Brief descriptive captions —
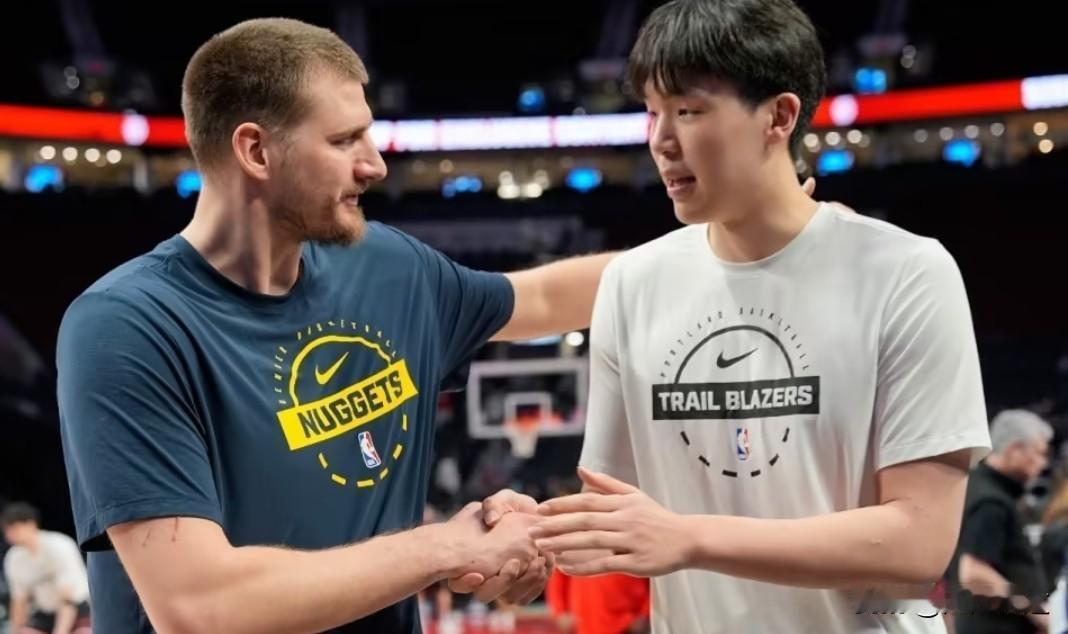 杨瀚森没有亲吻约基奇，但俩人聊的很开心！约基奇用实际行动给杨瀚森上了一课，要想立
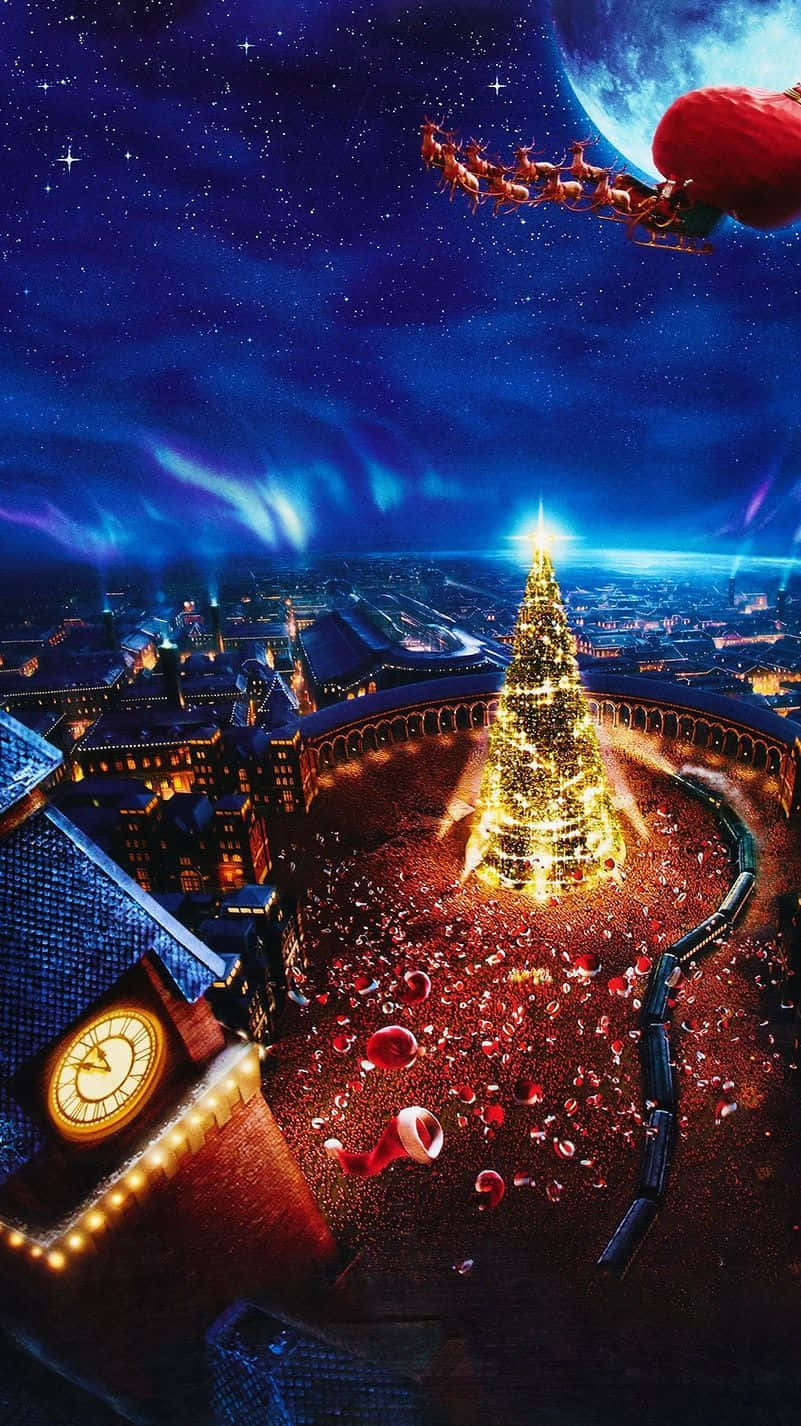 Christmas Movie 桌布 壁紙 — 一棵耀眼的聖誕樹在白雪覆蓋的城鎮廣場上閃耀，星空下聖誕老人的雪橇帶著馴鹿飛過。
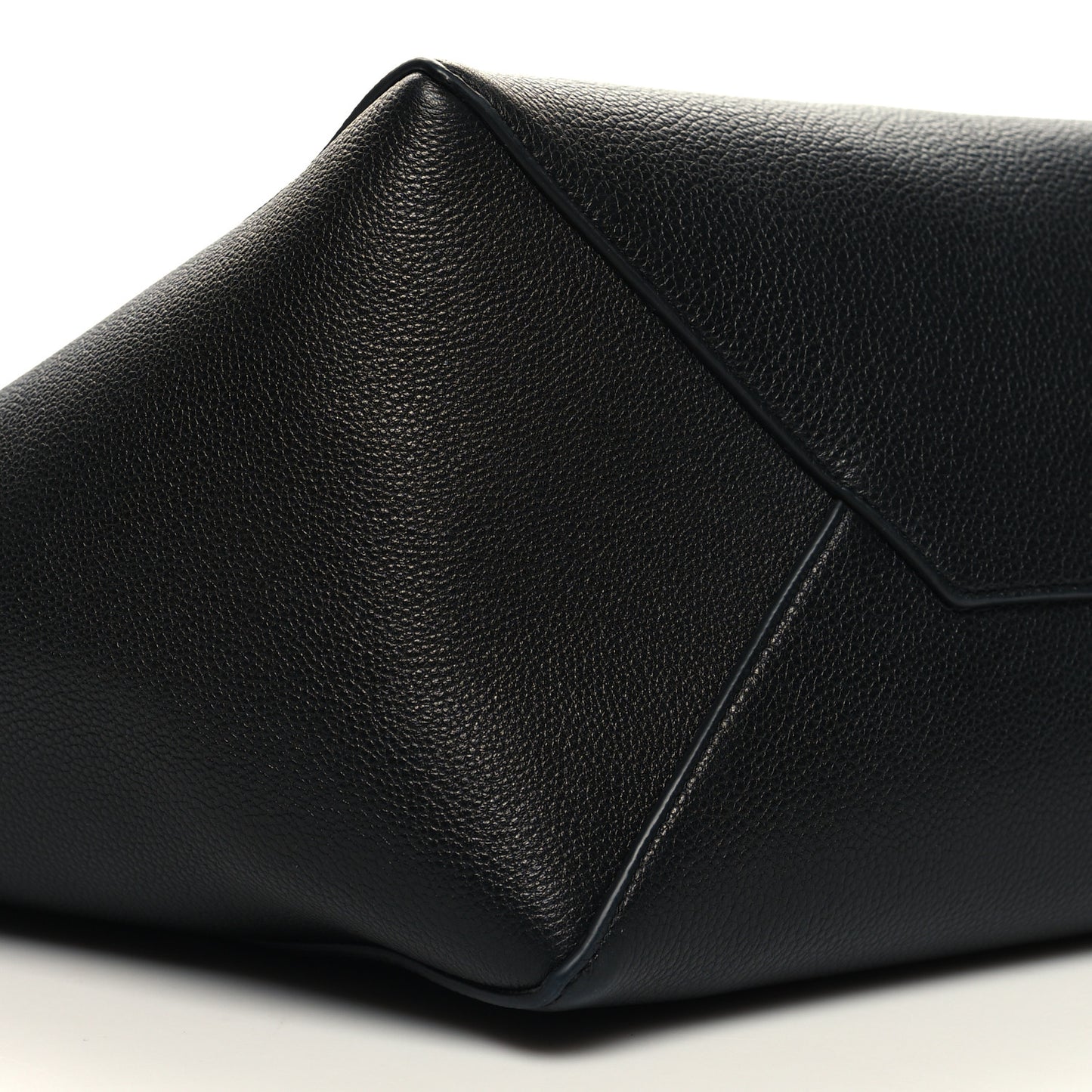 Soft Grained Calfskin Small Belt Cabas Phantom Black
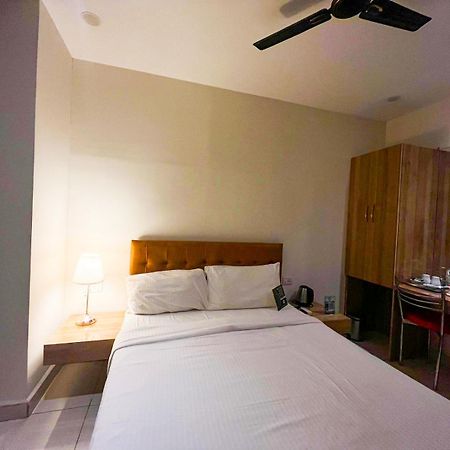 היידראבד Hotel Hibiscus Tree- Bachupally מראה חיצוני תמונה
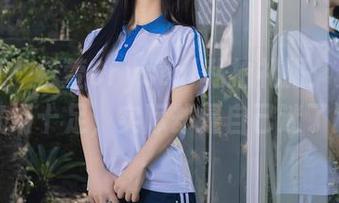 秀人网 – 梓萱Crystal私拍礼服：穿上它，气场十足，实际却是自己迷了路。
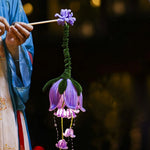 fleur artificielle lumineuse rose blanche bleue violette jaune feuilles fines nervures centre lumineux poignée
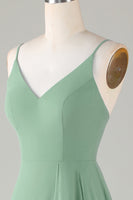 Laden Sie das Bild in den Galerie-Viewer, Spaghettiträger Matcha Langes Brautjungfernkleid mit Rüschen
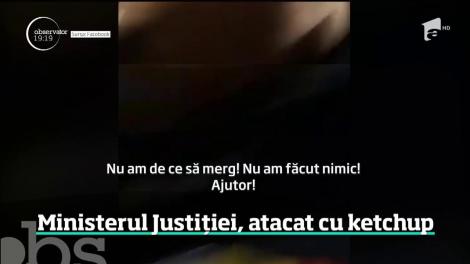 Ministerul Justiţiei, atacat cu ketchup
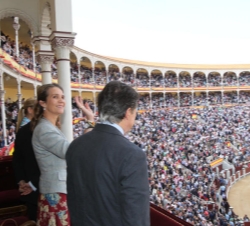 Doña Elana saluda desde el Palco Presidencial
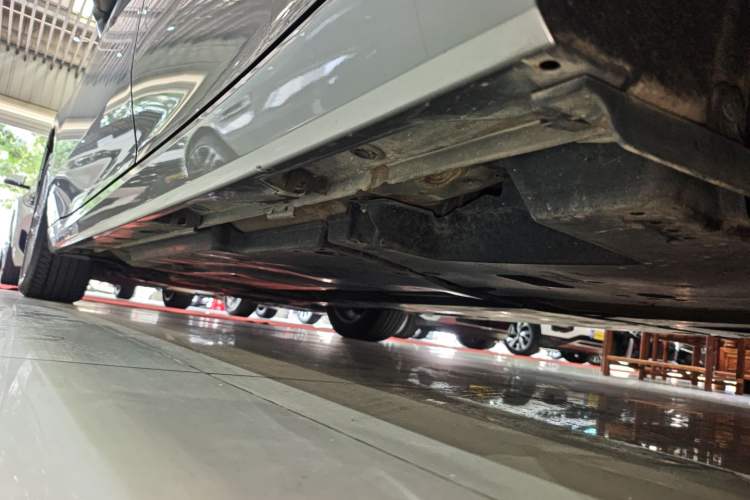 Used Toyota Avalon 2021 2.5L Luxury Edition Left Side Sill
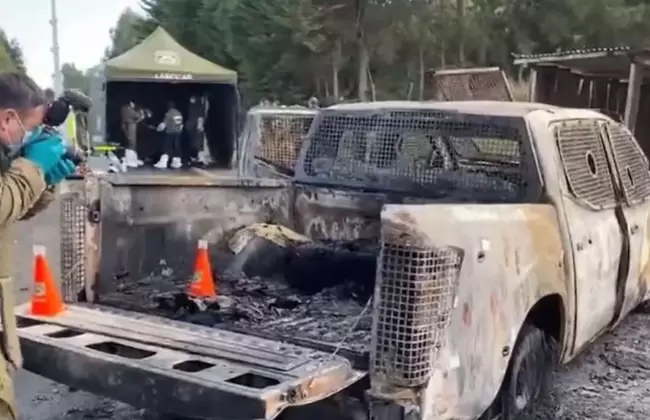 Camioneta incendiada
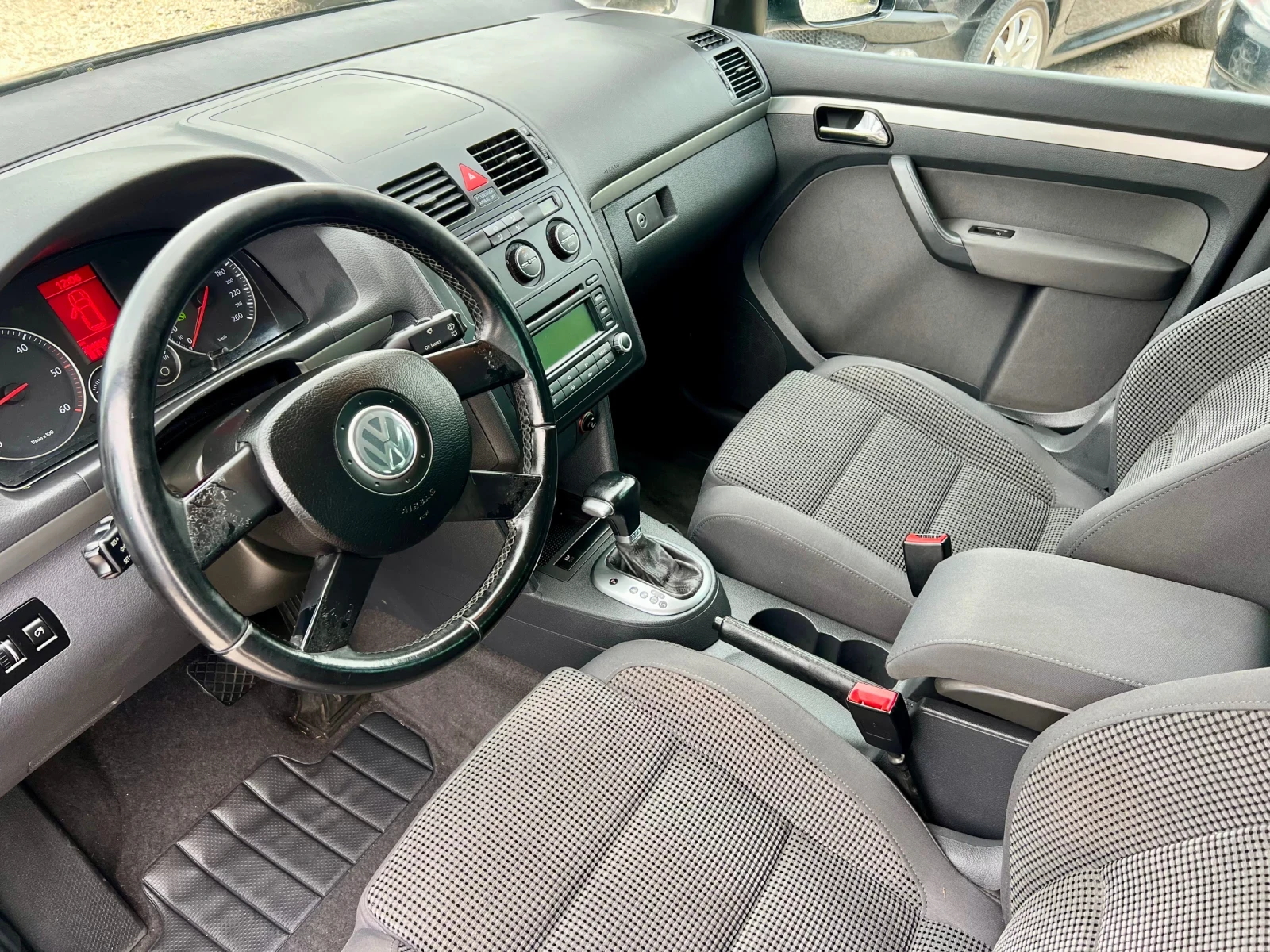 VW Touran 1.9TDI-105кс-BKC - изображение 10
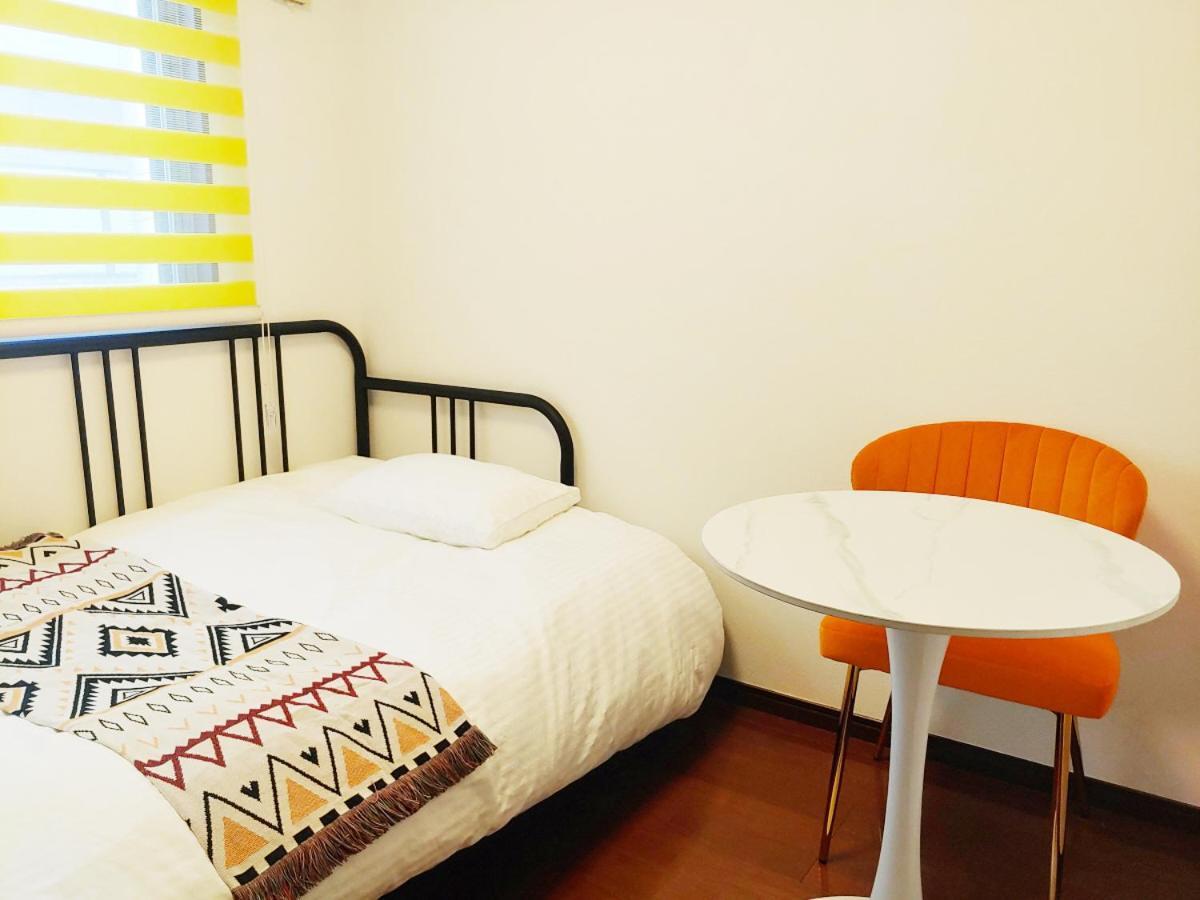 メゾンドオーク 新大久保 Apartman Tokió Kültér fotó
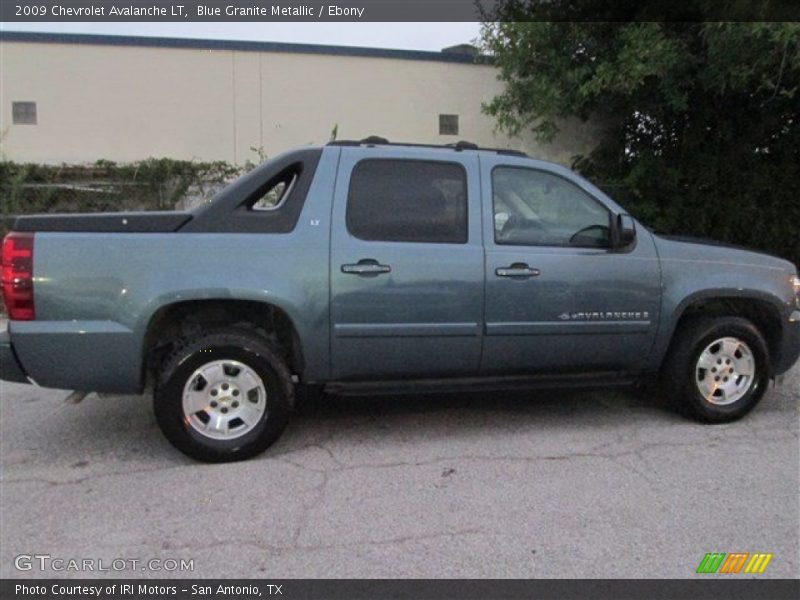 Blue Granite Metallic / Ebony 2009 Chevrolet Avalanche LT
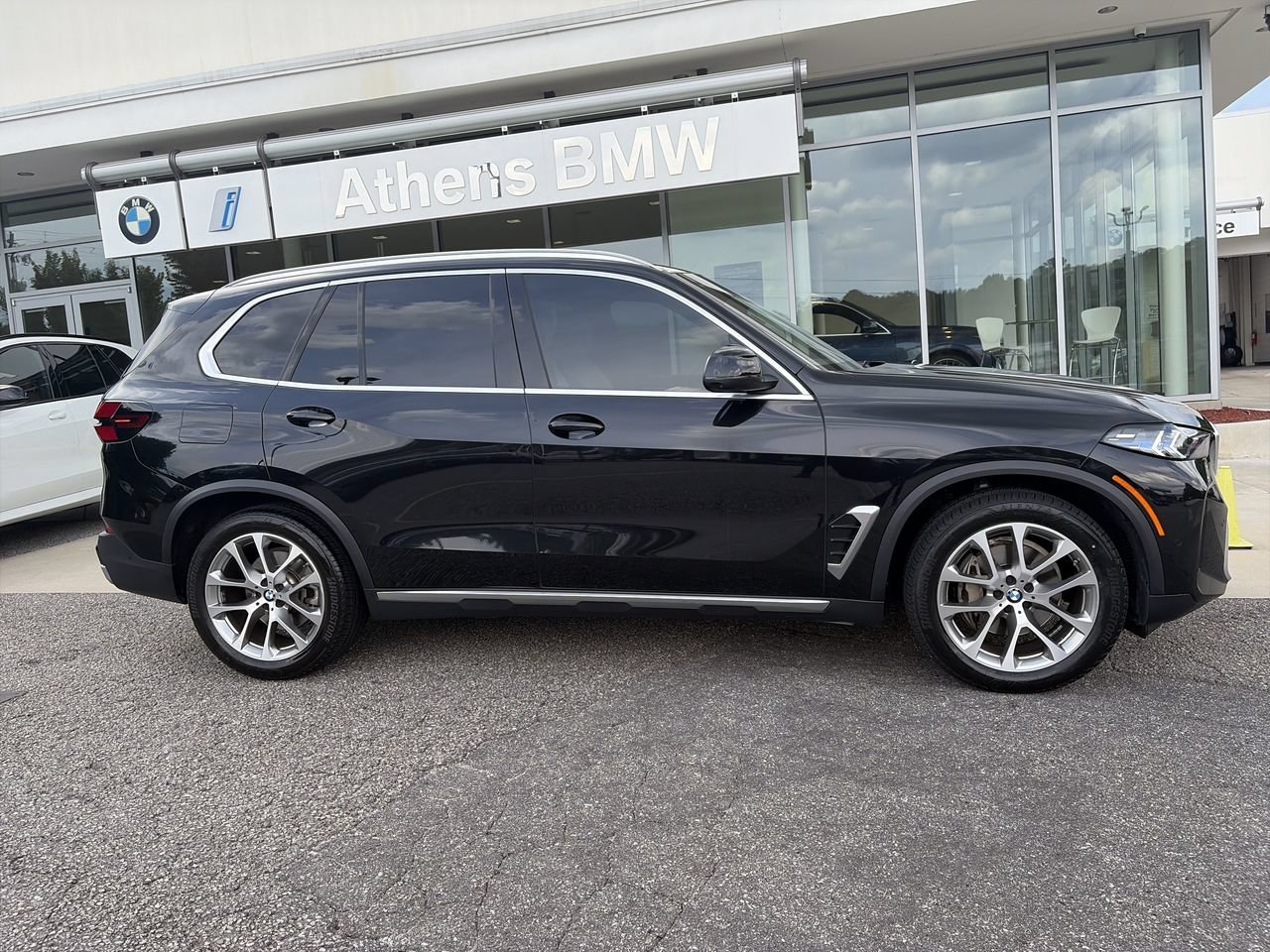 Used 2024 Black Sapphire Metallic BMW xDrive40i image 9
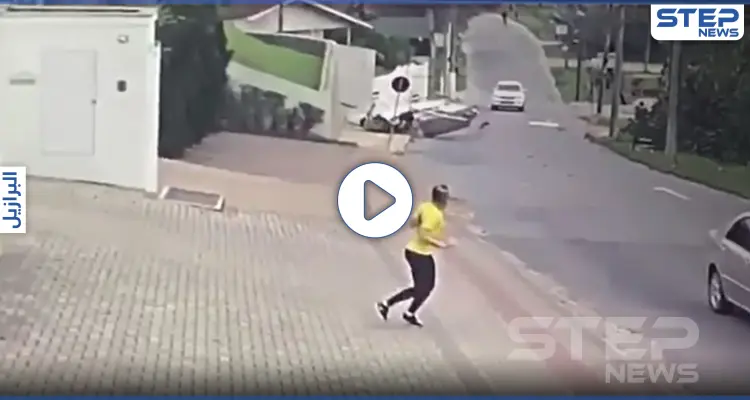 بالفيديو|| لحظة سقوط طائرة على بعد أمتار من امرأة تمشي بالشارع ونجاة قائدها: أخبار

Your assignment —
Images are to be left out when the records above are written out again exactly.

Result of the task —
 杨瀚森没有亲吻约基奇，但俩人聊的很开心！约基奇用实际行动给杨瀚森上了一课，要想立
 Christmas Movie 桌布 壁紙 — 一棵耀眼的聖誕樹在白雪覆蓋的城鎮廣場上閃耀，星空下聖誕老人的雪橇帶著馴鹿飛過。
 Soft Grained Calfskin Small Belt Cabas Phantom Black
 היידראבד Hotel Hibiscus Tree- Bachupally מראה חיצוני תמונה
 秀人网 – 梓萱Crystal私拍礼服：穿上它，气场十足，实际却是自己迷了路。
 fleur artificielle lumineuse rose blanche bleue violette jaune feuilles fines nervures centre lumineux poignée
 Laden Sie das Bild in den Galerie-Viewer, Spaghettiträger Matcha Langes Brautjungfernkleid mit Rüschen
 Ministerul Justiţiei, atacat cu ketchup
 Doña Elana saluda desde el Palco Presidencial
 Used Toyota Avalon 2021 2.5L Luxury Edition Left Side Sill
 Camioneta incendiada
 VW Touran 1.9TDI-105кс-BKC - изображение 10
 メゾンドオーク 新大久保 Apartman Tokió Kültér fotó
 Blue Granite Metallic / Ebony 2009 Chevrolet Avalanche LT
 Used 2024 Black Sapphire Metallic BMW xDrive40i image 9
 بالفيديو|| لحظة سقوط طائرة على بعد أمتار من امرأة تمشي بالشارع ونجاة قائدها: أخبار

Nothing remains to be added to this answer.